**RECORD SET**
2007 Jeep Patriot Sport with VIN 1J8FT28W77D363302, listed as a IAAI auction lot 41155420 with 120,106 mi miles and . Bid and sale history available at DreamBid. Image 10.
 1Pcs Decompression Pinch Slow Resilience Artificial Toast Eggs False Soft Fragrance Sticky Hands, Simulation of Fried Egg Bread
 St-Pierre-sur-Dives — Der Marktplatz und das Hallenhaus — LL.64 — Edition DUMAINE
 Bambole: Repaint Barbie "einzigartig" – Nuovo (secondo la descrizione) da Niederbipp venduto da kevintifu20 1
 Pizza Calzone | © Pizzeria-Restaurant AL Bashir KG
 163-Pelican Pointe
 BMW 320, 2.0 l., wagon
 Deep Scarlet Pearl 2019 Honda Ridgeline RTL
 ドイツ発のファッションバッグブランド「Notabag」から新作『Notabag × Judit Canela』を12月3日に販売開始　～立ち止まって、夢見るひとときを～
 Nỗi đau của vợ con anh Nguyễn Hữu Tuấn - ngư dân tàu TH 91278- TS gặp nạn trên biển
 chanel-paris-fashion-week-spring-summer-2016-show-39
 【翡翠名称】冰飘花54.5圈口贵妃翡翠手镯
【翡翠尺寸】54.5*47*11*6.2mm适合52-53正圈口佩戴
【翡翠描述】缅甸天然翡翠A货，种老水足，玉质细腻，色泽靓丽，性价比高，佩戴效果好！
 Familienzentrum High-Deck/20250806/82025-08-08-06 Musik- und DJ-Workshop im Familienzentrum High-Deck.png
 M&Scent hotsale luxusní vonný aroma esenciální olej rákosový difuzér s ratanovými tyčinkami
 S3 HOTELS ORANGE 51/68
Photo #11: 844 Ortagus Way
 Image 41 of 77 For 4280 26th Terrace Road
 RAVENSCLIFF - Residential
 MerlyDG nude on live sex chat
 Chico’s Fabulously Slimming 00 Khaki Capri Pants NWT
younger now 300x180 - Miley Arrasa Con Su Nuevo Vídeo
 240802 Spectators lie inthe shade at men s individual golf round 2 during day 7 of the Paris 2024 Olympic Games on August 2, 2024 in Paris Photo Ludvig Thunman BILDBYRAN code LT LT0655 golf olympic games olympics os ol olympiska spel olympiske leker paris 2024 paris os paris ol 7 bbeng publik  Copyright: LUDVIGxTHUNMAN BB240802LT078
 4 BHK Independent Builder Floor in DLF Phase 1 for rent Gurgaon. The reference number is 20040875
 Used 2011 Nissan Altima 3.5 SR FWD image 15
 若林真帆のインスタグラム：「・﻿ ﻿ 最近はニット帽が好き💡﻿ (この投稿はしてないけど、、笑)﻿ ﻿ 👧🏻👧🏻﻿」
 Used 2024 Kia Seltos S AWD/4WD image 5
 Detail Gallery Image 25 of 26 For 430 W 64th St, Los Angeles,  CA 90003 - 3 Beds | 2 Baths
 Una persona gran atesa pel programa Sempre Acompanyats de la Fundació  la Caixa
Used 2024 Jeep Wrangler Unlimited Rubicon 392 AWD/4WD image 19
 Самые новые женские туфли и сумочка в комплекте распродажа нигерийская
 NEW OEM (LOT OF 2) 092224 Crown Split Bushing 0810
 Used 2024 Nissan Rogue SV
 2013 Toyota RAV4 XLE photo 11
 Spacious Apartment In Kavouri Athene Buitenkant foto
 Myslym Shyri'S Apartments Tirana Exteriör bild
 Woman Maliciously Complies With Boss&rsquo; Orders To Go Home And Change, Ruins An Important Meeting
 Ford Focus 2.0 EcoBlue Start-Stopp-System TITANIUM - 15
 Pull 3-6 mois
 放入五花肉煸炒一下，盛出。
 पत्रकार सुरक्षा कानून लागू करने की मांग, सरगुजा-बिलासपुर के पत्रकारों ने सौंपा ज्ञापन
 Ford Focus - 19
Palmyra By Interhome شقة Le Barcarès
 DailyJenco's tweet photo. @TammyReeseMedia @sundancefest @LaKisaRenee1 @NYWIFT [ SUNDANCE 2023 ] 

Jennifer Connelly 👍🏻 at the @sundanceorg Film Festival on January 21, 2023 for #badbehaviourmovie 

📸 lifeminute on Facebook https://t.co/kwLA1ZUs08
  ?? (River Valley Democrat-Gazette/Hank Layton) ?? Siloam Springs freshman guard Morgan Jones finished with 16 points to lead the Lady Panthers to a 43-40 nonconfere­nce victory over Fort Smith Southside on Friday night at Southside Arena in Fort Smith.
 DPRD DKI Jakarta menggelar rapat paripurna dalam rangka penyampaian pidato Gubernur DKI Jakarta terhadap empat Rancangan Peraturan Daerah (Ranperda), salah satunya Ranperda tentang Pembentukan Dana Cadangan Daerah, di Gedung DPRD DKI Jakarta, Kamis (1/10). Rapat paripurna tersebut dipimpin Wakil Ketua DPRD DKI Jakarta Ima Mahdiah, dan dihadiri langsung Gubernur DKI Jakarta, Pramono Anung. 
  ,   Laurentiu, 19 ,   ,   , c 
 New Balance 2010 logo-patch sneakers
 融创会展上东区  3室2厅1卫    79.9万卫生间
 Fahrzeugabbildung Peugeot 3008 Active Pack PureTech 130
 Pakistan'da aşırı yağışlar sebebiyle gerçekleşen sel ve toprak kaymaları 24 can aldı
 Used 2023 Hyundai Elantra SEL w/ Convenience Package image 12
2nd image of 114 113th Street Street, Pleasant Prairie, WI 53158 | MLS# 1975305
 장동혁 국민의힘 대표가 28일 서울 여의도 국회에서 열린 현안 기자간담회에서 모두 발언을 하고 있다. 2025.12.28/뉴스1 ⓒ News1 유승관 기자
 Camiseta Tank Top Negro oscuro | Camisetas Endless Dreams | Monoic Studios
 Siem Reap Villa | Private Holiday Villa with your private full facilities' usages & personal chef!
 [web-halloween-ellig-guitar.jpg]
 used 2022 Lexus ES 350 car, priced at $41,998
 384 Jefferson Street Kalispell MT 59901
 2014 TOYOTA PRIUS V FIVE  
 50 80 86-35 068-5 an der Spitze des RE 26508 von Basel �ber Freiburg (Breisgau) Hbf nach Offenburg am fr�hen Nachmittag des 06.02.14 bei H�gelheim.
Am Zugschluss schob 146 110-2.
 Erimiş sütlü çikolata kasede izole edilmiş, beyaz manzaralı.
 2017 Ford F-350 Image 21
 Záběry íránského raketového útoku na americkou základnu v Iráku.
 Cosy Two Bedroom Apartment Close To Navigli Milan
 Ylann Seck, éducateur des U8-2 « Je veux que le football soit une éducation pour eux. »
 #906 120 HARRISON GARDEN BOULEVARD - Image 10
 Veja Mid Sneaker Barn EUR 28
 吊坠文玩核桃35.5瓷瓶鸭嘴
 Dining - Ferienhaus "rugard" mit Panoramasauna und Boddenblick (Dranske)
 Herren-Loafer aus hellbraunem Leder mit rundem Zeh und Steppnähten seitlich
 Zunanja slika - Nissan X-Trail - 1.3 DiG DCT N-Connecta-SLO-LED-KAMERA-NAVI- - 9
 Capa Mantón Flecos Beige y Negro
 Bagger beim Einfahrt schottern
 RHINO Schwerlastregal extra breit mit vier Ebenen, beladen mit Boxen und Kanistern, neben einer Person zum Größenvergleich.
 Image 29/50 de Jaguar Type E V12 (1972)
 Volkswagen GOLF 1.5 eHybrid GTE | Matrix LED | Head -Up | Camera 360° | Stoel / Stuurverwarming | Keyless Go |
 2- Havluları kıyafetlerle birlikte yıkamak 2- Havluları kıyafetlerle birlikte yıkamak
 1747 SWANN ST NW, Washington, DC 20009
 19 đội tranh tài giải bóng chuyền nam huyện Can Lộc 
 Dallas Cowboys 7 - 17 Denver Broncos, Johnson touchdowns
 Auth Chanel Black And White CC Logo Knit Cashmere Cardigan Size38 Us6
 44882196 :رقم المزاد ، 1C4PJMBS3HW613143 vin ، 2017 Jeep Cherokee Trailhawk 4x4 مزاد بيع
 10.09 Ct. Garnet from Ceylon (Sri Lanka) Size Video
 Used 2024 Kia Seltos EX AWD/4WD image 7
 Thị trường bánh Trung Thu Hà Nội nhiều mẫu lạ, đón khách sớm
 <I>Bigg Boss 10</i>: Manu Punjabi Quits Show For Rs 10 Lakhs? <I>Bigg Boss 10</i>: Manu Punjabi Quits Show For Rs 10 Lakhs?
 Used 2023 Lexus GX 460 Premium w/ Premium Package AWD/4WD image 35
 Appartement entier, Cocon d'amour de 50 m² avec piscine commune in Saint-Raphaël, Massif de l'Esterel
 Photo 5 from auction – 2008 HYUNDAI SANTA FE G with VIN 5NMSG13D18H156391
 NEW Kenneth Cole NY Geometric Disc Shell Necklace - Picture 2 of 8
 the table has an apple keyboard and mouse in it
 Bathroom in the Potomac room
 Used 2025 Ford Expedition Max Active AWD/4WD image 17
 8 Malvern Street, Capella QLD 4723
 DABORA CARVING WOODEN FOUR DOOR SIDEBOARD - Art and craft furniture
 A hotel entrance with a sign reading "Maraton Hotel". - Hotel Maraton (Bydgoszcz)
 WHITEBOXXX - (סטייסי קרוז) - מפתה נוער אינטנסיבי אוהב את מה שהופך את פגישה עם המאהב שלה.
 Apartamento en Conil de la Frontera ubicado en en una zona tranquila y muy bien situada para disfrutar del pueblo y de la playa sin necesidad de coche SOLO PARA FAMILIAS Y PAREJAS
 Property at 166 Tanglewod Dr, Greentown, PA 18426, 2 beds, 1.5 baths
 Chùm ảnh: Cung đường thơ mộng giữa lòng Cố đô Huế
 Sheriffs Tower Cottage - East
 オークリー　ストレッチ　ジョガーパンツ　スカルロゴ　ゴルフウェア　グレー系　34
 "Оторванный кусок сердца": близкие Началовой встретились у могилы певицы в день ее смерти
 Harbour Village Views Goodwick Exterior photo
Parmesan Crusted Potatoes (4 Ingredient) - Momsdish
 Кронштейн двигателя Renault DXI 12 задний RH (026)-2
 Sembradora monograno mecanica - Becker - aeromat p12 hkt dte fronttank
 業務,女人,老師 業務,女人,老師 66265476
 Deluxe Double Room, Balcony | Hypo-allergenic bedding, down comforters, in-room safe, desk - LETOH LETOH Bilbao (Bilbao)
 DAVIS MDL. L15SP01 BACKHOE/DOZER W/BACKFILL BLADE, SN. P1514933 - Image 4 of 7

**EXERCISE AIM**
Word for word, restate the lines above from the line containing "Used 2025 Ford" through the line containing "WHITEBOXXX - (סטייסי", with both included and nothing else.

**RESPONSE FOR THIS EXERCISE**
 Used 2025 Ford Expedition Max Active AWD/4WD image 17
 8 Malvern Street, Capella QLD 4723
 DABORA CARVING WOODEN FOUR DOOR SIDEBOARD - Art and craft furniture
 A hotel entrance with a sign reading "Maraton Hotel". - Hotel Maraton (Bydgoszcz)
 WHITEBOXXX - (סטייסי קרוז) - מפתה נוער אינטנסיבי אוהב את מה שהופך את פגישה עם המאהב שלה.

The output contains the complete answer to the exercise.